--- Provided data ---

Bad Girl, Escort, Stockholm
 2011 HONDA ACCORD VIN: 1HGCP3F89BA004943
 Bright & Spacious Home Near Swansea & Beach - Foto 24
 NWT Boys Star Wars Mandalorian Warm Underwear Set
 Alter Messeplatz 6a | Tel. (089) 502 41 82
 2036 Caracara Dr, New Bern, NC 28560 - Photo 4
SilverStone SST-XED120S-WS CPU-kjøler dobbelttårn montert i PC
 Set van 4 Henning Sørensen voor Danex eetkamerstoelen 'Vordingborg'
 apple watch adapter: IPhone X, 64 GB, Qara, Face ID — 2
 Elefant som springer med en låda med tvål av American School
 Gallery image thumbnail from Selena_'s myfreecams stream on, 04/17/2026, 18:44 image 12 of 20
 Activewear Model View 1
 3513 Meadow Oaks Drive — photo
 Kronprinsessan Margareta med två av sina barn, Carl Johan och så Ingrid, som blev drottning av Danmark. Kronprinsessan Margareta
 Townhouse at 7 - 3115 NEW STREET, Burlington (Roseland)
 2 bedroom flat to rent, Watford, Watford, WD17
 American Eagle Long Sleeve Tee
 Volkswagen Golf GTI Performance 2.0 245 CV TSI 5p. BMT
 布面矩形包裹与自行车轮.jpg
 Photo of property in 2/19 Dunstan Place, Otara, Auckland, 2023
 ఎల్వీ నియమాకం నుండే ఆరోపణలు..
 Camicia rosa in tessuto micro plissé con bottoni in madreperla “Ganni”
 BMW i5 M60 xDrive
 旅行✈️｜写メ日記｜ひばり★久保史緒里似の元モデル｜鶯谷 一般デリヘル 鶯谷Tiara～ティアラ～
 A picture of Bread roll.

---

→ **The task**
Please report how many lines of the material above contain the string "American", with no other words.

→ **Solution to the exercise**
2